How does the sound change with and without the floor Sonex?
 
How does the sound change with and without the floor Sonex?

The Sonex is arrayed so as to cover the specular (mirror-like) reflection points of the speakers on the room surfaces as viewed from the listening position. I attach a 4" x 6" flat mirror to the room surface, sit in the listening chair and then move the mirror until I can see the near speaker reflected in the mirror. I then place the Sonex so that the center of that 2' x 4' piece of 4"-thick Sonex is over the mirror position. I have thus treated the wall behind the speakers, the walls beside the speakers, the floor in front of the speakers and the wall behind the listening position.

I have in the past also sometimes treated the ceiling the same way. The ceiling reflection is tricky, however. Usually, with speakers which don't beam a lot of high frequencies upwards, the presentation sounds better to me when the ceiling reflection is left untreated. This is especially so in this room with its 8' 7"-high ceiling. The ceiling is more than five feet away from the speakers. Usually, reflections that far from the speaker tend to add spaciousness (in the case of the ceiling, vertical space, such as an illusion of height to images and projections from the stage) rather than adding brightness or high frequency grit, brittleness or distortion. Not treating the closer reflections from the side walls, wall behind the speakers, and floor results in added brightness, high frequency grit, and seeming distortion--all of which gets more obnoxious as the SPL increases.
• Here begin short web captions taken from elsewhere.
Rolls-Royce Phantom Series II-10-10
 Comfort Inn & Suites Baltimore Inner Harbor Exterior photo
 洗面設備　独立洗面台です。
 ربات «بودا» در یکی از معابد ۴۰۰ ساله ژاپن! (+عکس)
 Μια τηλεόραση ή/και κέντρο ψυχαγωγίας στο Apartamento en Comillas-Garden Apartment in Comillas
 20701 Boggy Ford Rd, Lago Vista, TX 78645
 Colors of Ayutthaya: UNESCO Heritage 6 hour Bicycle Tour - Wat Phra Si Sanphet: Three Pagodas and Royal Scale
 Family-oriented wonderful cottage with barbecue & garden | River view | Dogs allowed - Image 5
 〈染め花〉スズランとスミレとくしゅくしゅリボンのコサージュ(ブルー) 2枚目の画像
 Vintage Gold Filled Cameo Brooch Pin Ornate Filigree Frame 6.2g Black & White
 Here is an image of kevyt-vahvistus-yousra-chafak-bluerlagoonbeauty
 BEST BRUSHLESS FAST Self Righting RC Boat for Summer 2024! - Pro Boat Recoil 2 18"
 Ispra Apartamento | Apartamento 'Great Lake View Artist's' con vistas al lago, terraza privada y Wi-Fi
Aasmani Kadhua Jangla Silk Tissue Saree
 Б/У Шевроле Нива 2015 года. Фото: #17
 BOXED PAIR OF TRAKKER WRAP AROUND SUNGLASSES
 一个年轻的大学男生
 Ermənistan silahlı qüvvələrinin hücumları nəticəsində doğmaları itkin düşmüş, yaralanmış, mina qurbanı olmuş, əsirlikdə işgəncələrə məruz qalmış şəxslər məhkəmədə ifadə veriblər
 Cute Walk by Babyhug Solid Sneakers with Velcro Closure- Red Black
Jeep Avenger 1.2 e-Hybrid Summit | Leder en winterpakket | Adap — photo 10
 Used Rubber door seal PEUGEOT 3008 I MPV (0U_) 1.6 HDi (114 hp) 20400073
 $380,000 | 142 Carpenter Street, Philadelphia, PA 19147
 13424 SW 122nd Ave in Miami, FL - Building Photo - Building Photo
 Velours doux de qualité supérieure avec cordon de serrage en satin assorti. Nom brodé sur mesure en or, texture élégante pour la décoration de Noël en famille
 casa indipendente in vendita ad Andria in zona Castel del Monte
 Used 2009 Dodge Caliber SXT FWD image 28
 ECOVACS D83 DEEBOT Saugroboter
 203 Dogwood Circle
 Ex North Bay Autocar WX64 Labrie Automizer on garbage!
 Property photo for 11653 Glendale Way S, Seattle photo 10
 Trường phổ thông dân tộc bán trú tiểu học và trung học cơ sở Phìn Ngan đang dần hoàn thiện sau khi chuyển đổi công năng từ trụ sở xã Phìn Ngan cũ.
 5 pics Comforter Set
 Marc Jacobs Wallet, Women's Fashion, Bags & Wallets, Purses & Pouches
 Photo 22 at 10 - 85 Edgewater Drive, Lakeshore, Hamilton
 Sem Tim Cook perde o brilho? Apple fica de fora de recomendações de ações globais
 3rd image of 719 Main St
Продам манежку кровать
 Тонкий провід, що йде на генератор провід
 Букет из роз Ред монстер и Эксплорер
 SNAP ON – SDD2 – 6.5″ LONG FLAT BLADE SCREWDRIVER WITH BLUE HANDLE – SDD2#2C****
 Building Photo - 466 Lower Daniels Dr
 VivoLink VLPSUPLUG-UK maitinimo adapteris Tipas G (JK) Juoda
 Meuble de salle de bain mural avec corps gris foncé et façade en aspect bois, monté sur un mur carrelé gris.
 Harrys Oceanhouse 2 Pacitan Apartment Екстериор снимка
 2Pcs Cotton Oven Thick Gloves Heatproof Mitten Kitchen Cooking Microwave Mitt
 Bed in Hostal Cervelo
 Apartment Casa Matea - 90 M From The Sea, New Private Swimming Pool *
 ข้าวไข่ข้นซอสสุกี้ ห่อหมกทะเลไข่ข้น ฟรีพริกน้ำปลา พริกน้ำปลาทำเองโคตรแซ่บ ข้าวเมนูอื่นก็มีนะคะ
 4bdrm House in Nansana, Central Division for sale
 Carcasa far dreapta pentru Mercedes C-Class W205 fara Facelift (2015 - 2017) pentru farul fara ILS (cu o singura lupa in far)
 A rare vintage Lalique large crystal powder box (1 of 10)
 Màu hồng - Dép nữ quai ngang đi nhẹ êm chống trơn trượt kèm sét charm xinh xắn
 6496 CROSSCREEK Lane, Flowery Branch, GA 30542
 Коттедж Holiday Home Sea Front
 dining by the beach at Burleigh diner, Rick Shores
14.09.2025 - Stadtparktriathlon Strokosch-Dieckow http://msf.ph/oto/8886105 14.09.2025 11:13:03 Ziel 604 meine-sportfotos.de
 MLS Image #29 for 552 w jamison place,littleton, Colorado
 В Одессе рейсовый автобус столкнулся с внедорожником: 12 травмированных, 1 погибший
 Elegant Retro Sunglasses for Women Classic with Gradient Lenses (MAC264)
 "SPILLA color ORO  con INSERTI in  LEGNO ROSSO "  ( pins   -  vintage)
It is also important to treat the wall behind the listener since it is closer, only 53 1/3" away from my ears. Anything behind your ears, even a high back of a soft chair, will wreak havoc on the imaging and staging out front. People who sit really near a hard wall behind them, or who sit in a high-backed reclining chair really have no idea what imaging and staging their system is capable of. In my room, since I'm a few feet away from the wall behind me, the effect of treating that wall with Sonex is relatively subtle, but it is clearly audible as a firming up of image placement, a deepening of the stage, and an increase in the soundstage height illusion.
 
Tom,

Nice to see you have some new REG approved equipment to play with.

He just gave the Sony SS-NA5ES speakers a rave review, are you going to try them?
 
I did hear these latest Sonys at AXPONA in Chicago (as the writer in the Dagogo review did). They sounded pretty good, as have the other recent Sonys which REG has taken note of. I've heard the others not only at AXPONA, but also at a local Chicago-area dealer. None of the Sonys have sounded good enough for me to want to plunk down cash for them, especially since they are relatively expensive compared to the Stirlings. The Stirlings are quite special, I think, better than any of the Sonys in terms of balance and other characteristics and thus certainly seem to me to represent better value for money since the small Sonys cost at least as much.

Tom,

Nice to see you have some new REG approved equipment to play with.

He just gave the Sony SS-NA5ES speakers a rave review, are you going to try them?
 
Update: I am now using the Lyngdorf TDAI-2170 as the source switcher. Experimentation suggests that this sounds a bit better overall than having the EVS-modified Oppo 105D do the source switching duties. Also, since I no longer need the direct balanced analog connection between the Oppo and my SimAudio headphone amplifier (see this post), it is no longer necessary that all sources be available from the Oppo for transmission to the headphone amp.

Thus, the Oppo now "plays" only discs and Tidal and is connected to the Lyngdorf via Blue Jeans coax and HDMI cables. The Logitech Squeezebox Touch feeds the Lyngdorf's USB input, and the Apple TV streams content from my iPhone 6 via Blue Jeans HDMI cable to another HDMI input of the Lyngdorf.